A promising avenue for improving the effectiveness of behavioral-based malware detectors is to combine fast (usually not highly accurate) traditional machine learning (ML) detectors with high-accuracy, but time-consuming, deep learning (DL) models. The main idea is to place software receiving borderline classifications by traditional ML methods in an environment where uncertainty is added, while software is analyzed by timeconsuming DL models. The goal of uncertainty is to rate-limit actions of potential malware during deep analysis.

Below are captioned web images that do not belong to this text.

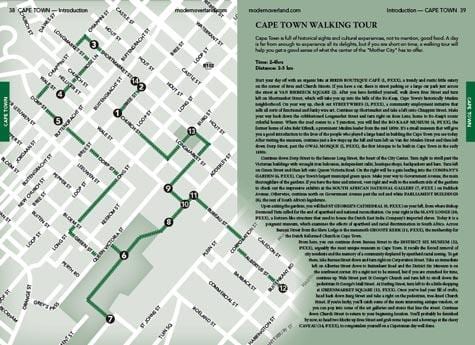 Cape Town mache tour kat jeyografik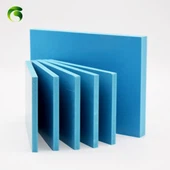 15mm biezums Plastmasas betona template board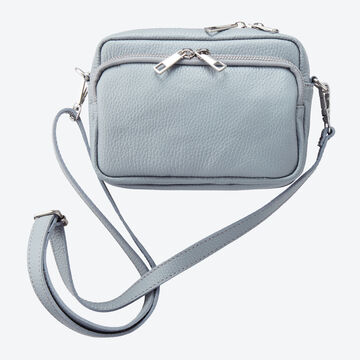 Produktbild f�r 'Schicke Umh�ngetasche aus weichem Leder'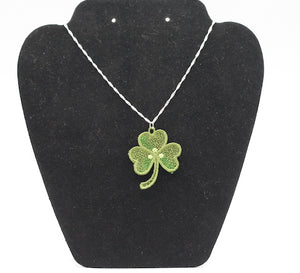 Shamrock Pendant
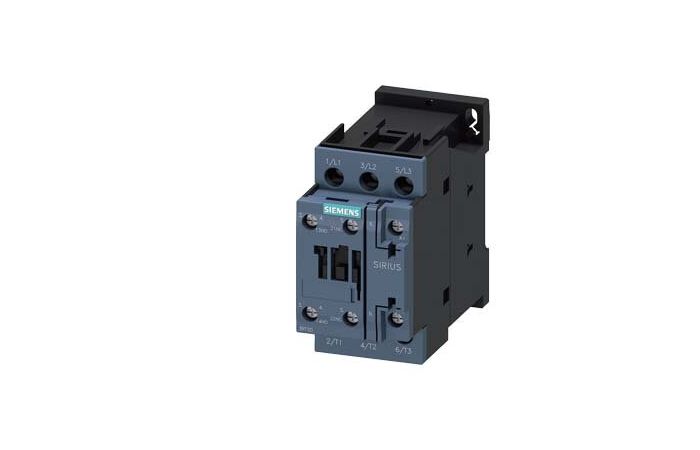 Kontaktorius 3P 15kW 110V AC 1no+1nc S0 - SIEMENS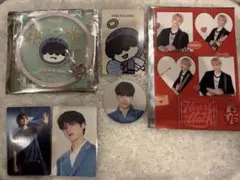 TXT フムニャリン ヒュニンカイ 4点セット おまけ付き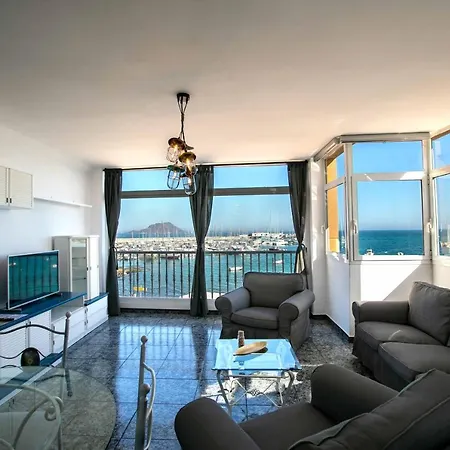 Bahia Corralejo-best Ftv Views, By Comfortable Luxury Corralejo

In this paper, we describe CHAMELEON, a Linux-based framework that implements this uncertain environment. CHAMELEON offers two environments for its OS processes: standard—for software identified as benign by traditional ML detectors—and uncertain—for software that received borderline classifications analyzed by ML methods. The uncertain environment will bring obstacles to software execution through random perturbations applied probabilistically on selected system calls. We evaluated CHAMELEON with 113 applications from common benchmarks and 100 malware samples for Linux. Our results show that at threshold 10%, intrusive and non-intrusive strategies caused approximately 65% of malware to fail accomplishing their tasks, while approximately 30% of the analyzed benign software to meet with various levels of disruption (crashed or hampered). We also found that I/O-bound software was three times more affected by uncertainty than CPU-bound software.